Entanglement detection and quantum metrology by Stokes photon diffraction imaging
Hongyi Yu, Wang Yao

TL;DR
This paper demonstrates that far field diffraction imaging of Stokes photons can detect spin entanglement and perform quantum metrology, enabling precise measurements of field gradients and system properties in cold atomic ensembles.
Contribution
It introduces a novel method using diffraction imaging of scattered photons for entanglement detection and quantum metrology in cold atomic systems.
Findings
Entanglement is witnessed by sharp diffraction peaks or dips.
Field gradients are measured via diffraction peak displacement.
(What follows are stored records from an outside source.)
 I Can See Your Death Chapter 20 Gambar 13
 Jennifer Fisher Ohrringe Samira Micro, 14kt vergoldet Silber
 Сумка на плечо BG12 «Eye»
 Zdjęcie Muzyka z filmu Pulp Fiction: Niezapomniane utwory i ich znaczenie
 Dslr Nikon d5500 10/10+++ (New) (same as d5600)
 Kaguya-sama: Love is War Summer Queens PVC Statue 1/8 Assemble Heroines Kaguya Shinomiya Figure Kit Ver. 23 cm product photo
Diffraction imaging enables non-demolition temperature and interaction monitoring.
Abstract
We show that far field diffraction image of spontaneously scattered Stokes photons can be used for detection of spin entanglement and for metrology of fields gradients in cold atomic ensembles. For many-body states with small or maximum uncertainty in spin-excitation number, entanglement is simply witnessed by the presence of a sharp diffraction peak or dip. Gradient vector of external fields is measured by the displacement of a diffraction peak due to inhomogeneous spin precessions, which suggests a new possibility for precision measurement beyond the standard quantum limit without entanglement. Monitoring temporal decay of the diffraction peak can also realize non-demolition probe of temperature and collisional interactions in trapped cold atomic gases. The approach can be readily generalized to cold molecules, trapped ions, and solid state spin ensembles.